Take a look at the other tokenizing options that nltk provides here. For example, you can define a tokenizer that picks out sequences of alphanumeric characters as tokens and drops everything else:
from nltk.tokenize import RegexpTokenizer
tokenizer = RegexpTokenizer(r'\w+')
tokenizer.tokenize('Eighty-seven miles to go, yet. Onward!')
Output:
['Eighty', 'seven', 'miles', 'to', 'go', 'yet', 'Onward']

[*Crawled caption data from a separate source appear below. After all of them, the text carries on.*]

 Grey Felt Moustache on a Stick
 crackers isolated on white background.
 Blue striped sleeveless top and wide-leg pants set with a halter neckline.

You do not really need NLTK to remove punctuation. You can remove it with simple python. For strings:
import string
s = '... some string with punctuation ...'
s = s.translate(None, string.punctuation)
Or for unicode:
import string
translate_table = dict((ord(char), None) for char in string.punctuation)
s.translate(translate_table)
and then use this string in your tokenizer.

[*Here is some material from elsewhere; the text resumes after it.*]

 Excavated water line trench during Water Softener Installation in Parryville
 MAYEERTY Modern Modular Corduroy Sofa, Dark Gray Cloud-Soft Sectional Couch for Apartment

P.S. string module have some other sets of elements that can be removed (like digits).
Below code will remove all punctuation marks as well as non alphabetic characters. Copied from their book.
http://www.nltk.org/book/ch01.html
import nltk
s = "I can't do this now, because I'm so tired. Please give me some time. # sd 4 232"
words = nltk.word_tokenize(s)
words=[word.lower() for word in words if word.isalpha()]
print(words)
output
['i', 'ca', 'do', 'this', 'now', 'because', 'i', 'so', 'tired', 'please', 'give', 'me', 'some', 'time', 'sd']
As noticed in comments start with sent_tokenize(), because word_tokenize() works only on a single sentence. You can filter out punctuation with filter(). And if you have an unicode strings make sure that is a unicode object (not a 'str' encoded with some encoding like 'utf-8').
from nltk.tokenize import word_tokenize, sent_tokenize
text = '''It is a blue, small, and extraordinary ball. Like no other'''
tokens = [word for sent in sent_tokenize(text) for word in word_tokenize(sent)]
print filter(lambda word: word not in ',-', tokens)
I just used the following code, which removed all the punctuation:
tokens = nltk.wordpunct_tokenize(raw)
type(tokens)
text = nltk.Text(tokens)
type(text)
words = [w.lower() for w in text if w.isalpha()]
Sincerely asking, what is a word? If your assumption is that a word consists of alphabetic characters only, you are wrong since words such as can't will be destroyed into pieces (such as can and t) if you remove punctuation before tokenisation, which is very likely to affect your program negatively.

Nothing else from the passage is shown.